#### Activity
With the images excluded, set down every line of the listing below exactly.

#### Supplied data
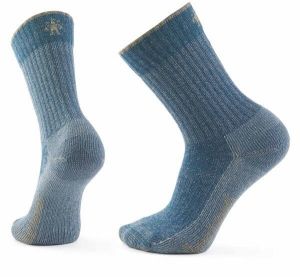 Smartwool HIKE CLASSIC EDITION LIGHT CUSHION 2ND CUT CREW SOCKS Turistické ponožky, modrá, veľkosť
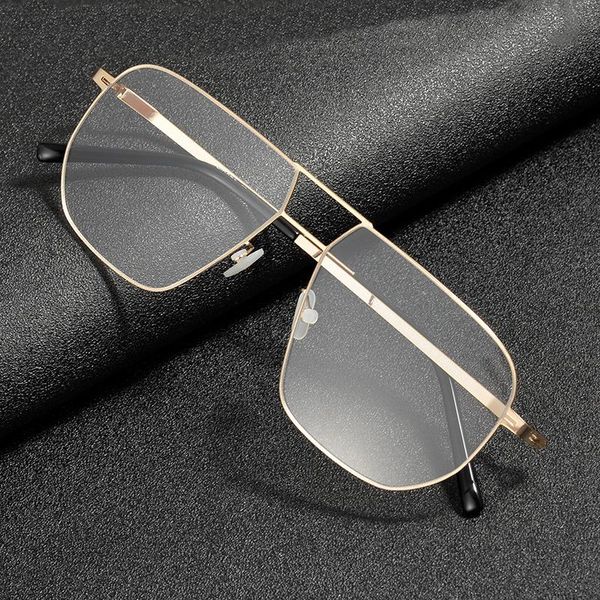 fashion sunglasses frames germany brand design big square glasses men women lightweight prescription eyeglasses myopia optical screwless eye, Black
fashion sunglasses frames germany brand design big square glasses men women lightweight prescription eyeglasses myopia optical screwless eye, Black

#### Output of the task
 Smartwool HIKE CLASSIC EDITION LIGHT CUSHION 2ND CUT CREW SOCKS Turistické ponožky, modrá, veľkosť
 fashion sunglasses frames germany brand design big square glasses men women lightweight prescription eyeglasses myopia optical screwless eye, Black
fashion sunglasses frames germany brand design big square glasses men women lightweight prescription eyeglasses myopia optical screwless eye, Black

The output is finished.